Work instructions. Your response should be the lines from the one containing "Women's Geometry Black" through the end of the material, copied exactly and with nothing added.

Records.
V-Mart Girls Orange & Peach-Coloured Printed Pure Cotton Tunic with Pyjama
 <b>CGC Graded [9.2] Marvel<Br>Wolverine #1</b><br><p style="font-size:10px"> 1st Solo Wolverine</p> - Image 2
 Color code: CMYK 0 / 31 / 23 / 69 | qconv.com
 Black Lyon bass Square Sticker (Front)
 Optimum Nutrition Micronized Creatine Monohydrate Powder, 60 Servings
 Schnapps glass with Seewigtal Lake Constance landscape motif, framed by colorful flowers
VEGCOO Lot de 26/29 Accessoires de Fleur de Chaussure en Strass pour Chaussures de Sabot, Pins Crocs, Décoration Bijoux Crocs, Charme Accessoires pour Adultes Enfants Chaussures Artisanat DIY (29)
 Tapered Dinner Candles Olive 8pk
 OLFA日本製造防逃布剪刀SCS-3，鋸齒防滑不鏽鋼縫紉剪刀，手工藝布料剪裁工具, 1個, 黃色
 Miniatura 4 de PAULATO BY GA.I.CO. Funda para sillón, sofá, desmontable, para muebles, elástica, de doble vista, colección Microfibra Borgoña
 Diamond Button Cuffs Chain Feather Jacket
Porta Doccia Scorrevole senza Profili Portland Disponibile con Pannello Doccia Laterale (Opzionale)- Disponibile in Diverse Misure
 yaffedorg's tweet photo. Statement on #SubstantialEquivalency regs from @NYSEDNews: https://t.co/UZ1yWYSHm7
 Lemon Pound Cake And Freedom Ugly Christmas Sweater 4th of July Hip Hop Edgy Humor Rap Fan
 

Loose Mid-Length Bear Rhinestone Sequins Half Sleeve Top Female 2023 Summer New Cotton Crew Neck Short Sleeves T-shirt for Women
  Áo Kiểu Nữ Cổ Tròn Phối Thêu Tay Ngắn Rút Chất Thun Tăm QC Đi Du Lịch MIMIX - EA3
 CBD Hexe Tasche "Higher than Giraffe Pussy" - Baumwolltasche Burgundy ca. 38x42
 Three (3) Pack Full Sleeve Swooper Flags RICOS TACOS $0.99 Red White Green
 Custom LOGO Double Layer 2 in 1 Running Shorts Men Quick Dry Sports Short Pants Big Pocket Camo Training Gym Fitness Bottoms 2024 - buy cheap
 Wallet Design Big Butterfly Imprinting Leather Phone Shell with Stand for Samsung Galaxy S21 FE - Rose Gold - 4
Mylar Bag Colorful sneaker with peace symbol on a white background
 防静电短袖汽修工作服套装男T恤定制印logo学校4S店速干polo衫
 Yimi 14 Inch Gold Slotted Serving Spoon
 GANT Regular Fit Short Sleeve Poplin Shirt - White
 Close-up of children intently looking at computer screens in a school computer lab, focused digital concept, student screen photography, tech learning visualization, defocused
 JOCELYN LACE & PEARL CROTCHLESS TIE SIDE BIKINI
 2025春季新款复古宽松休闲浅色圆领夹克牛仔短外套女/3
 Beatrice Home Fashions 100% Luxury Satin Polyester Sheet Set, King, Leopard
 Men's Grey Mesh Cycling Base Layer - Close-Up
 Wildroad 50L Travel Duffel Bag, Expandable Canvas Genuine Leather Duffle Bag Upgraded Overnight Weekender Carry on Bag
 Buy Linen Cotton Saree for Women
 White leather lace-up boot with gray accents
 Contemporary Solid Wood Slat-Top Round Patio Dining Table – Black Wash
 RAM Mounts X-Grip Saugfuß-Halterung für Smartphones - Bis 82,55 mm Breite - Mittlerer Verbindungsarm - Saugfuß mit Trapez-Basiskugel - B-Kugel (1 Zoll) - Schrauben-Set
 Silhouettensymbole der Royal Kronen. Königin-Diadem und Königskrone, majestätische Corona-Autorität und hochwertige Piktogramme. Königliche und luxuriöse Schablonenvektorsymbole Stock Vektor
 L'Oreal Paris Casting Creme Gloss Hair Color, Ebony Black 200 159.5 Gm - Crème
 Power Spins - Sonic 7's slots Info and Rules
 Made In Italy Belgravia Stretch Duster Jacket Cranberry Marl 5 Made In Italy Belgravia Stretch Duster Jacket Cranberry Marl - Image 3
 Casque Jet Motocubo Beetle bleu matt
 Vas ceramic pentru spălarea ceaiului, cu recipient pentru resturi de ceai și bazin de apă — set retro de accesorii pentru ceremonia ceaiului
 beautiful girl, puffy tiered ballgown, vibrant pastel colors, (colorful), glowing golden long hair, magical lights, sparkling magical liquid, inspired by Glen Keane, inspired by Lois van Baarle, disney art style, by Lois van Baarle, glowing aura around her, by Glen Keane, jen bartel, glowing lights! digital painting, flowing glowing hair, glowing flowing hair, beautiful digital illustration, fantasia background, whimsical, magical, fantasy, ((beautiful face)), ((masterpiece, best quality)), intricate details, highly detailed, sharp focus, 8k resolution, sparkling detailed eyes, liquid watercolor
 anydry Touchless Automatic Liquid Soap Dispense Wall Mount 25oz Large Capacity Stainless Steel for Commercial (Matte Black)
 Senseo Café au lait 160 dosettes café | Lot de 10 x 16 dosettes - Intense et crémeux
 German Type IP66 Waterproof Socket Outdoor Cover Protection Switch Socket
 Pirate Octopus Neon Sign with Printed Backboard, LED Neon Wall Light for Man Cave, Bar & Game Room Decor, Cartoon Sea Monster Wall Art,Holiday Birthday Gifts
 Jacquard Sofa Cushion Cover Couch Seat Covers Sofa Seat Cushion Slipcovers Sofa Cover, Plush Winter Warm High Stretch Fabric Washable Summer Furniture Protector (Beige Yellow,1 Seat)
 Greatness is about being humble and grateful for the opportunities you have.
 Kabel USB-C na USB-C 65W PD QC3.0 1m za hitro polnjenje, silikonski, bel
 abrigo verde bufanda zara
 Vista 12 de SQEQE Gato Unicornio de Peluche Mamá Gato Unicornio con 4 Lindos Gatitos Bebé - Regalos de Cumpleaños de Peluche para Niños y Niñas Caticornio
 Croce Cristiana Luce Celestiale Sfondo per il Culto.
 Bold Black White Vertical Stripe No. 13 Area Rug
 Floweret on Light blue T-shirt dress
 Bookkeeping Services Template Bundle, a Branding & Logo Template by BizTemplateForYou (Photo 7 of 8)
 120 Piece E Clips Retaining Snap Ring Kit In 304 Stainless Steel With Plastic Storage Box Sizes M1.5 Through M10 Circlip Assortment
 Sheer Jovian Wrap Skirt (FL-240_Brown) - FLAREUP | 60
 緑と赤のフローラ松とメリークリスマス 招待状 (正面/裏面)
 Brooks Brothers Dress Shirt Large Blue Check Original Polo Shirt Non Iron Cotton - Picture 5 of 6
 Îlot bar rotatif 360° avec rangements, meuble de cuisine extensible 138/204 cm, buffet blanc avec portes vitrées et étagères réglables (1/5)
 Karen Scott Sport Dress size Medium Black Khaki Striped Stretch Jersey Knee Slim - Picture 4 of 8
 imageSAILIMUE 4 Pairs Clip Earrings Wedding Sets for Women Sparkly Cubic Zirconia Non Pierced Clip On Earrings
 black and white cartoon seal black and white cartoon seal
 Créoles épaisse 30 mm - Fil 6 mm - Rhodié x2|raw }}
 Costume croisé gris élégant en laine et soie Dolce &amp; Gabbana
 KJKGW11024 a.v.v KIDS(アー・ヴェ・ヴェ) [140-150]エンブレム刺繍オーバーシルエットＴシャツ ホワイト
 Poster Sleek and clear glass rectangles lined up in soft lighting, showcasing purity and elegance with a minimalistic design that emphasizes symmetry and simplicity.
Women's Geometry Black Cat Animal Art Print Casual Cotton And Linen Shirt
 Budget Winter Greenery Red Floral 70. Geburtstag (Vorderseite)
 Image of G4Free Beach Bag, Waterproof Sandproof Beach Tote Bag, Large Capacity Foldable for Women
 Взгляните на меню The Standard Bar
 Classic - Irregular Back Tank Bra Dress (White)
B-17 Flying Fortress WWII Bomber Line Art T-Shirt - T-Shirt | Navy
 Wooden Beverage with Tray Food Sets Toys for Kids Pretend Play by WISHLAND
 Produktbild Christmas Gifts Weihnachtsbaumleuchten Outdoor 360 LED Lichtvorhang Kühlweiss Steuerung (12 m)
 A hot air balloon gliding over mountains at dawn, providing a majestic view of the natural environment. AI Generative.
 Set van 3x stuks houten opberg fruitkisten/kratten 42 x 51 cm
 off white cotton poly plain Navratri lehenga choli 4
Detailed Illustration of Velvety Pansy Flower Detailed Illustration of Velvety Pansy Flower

Expected answer.
Women's Geometry Black Cat Animal Art Print Casual Cotton And Linen Shirt
 Budget Winter Greenery Red Floral 70. Geburtstag (Vorderseite)
 Image of G4Free Beach Bag, Waterproof Sandproof Beach Tote Bag, Large Capacity Foldable for Women
 Взгляните на меню The Standard Bar
 Classic - Irregular Back Tank Bra Dress (White)
B-17 Flying Fortress WWII Bomber Line Art T-Shirt - T-Shirt | Navy
 Wooden Beverage with Tray Food Sets Toys for Kids Pretend Play by WISHLAND
 Produktbild Christmas Gifts Weihnachtsbaumleuchten Outdoor 360 LED Lichtvorhang Kühlweiss Steuerung (12 m)
 A hot air balloon gliding over mountains at dawn, providing a majestic view of the natural environment. AI Generative.
 Set van 3x stuks houten opberg fruitkisten/kratten 42 x 51 cm
 off white cotton poly plain Navratri lehenga choli 4
Detailed Illustration of Velvety Pansy Flower Detailed Illustration of Velvety Pansy Flower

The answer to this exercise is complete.